First, I have to assume you already have a SAS data set although you don't explicitly name the data set or any of the variables within it. Here are some tools that will serve you well in general, and will start the ball rolling.
First, create a SAS data set holding a count of how many observations exist for each FIRM:
proc freq data=full_dataset;
tables firm / noprint out=firm_counts (keep=firm count);
Next, merge this back onto the original data, and subset the observations:
proc sort data=full_dataset;
merge full_dataset firm_counts;
if count >= 40;
This will generate another SAS data set holding just the FIRMs with at least 40 observations. That seems to be part of what you asked for.

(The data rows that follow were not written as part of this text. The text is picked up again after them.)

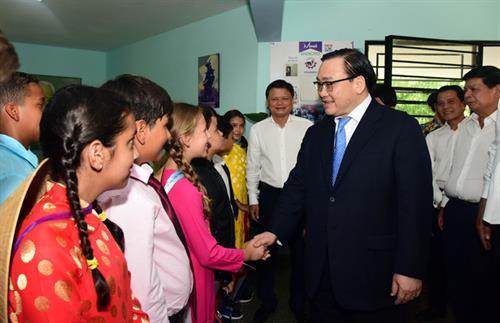 越共中央政治局委员、河内市委书记黄忠海与武氏胜小学学生亲切交流。图自互联网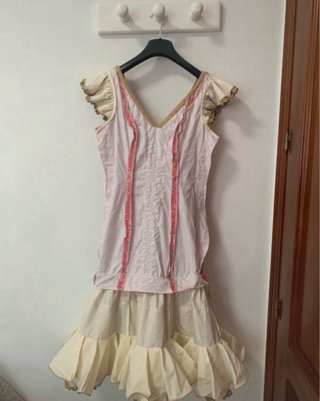 Traje de flamenca rosa y beige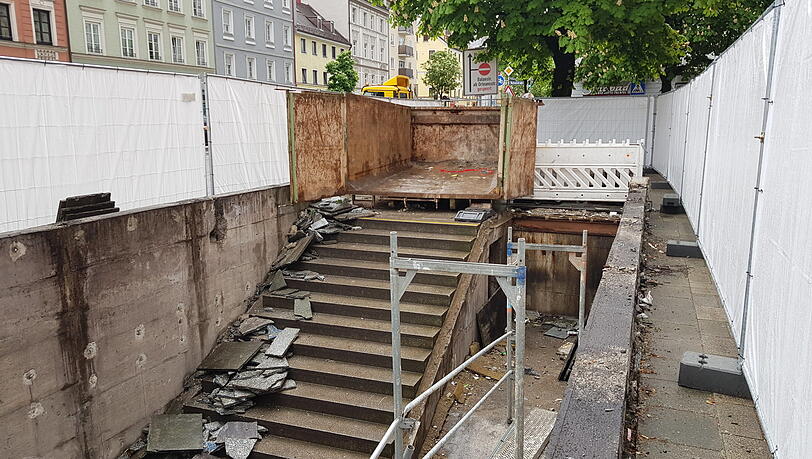 Rolltreppe raus, Wandverkleidung ab am Aufgang zur Balanstraße. Rolltreppe raus, Wandverkleidung ab am Aufgang zur Balanstraße.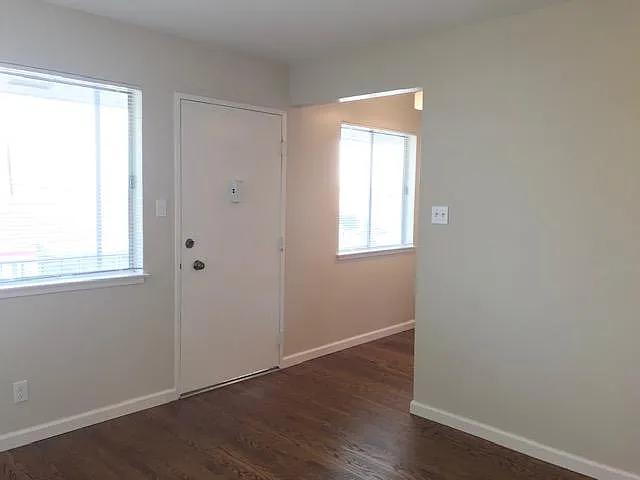 1296 Laurel St #6 — Photo 7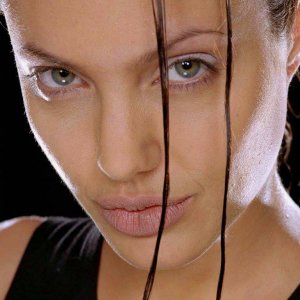 Jolie51024x768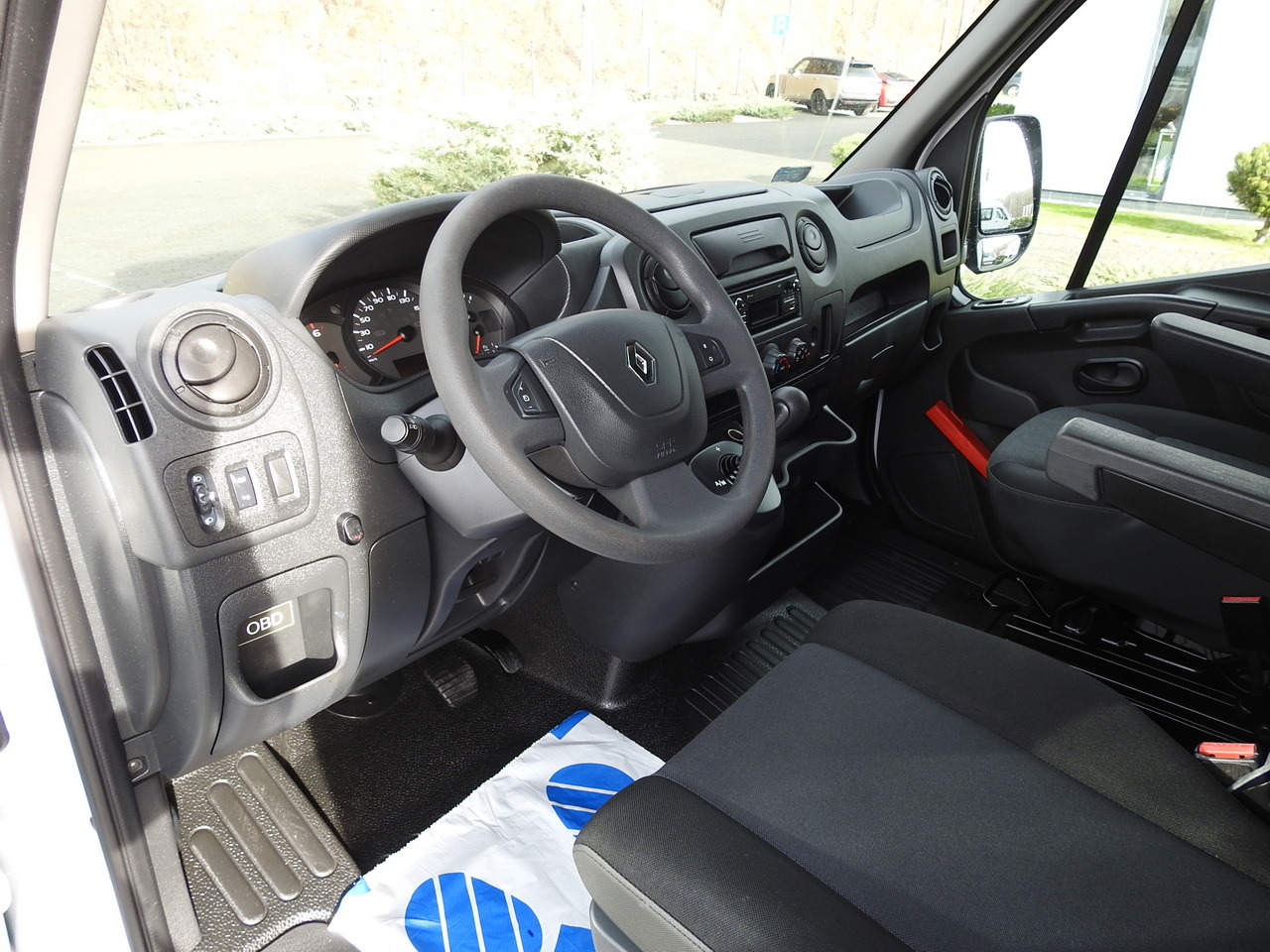 RENAULT MASTER TARPAULIN 10 PALLETS WEBASTO CRUISE CONTROL AIR CONDITIONING PNEUMATICS AUTOMATIC TRANSMISSION 170HP - شاحنة ستارة جانبية: صورة 2 RENAULT MASTER TARPAULIN 10 PALLETS WEBASTO CRUISE CONTROL AIR CONDITIONING PNEUMATICS AUTOMATIC TRANSMISSION 170HP - شاحنة ستارة جانبية: صورة 2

There is a lot more to it, as noted below.
If you have data from 1970 through 2010, you might have 41 observations rather than 40 for some firms.
Just because there are 40 observations, for a firm, it doesn't mean you have consecutive years. There could be 40 observations all for the same firm for the same year.
Just because you have 40 observations, it doesn't mean they all contain valid data. There could be blanks in many of the variables.
It will take a lot of work on your part to be able to address all of these questions. I'm hoping this will get you started.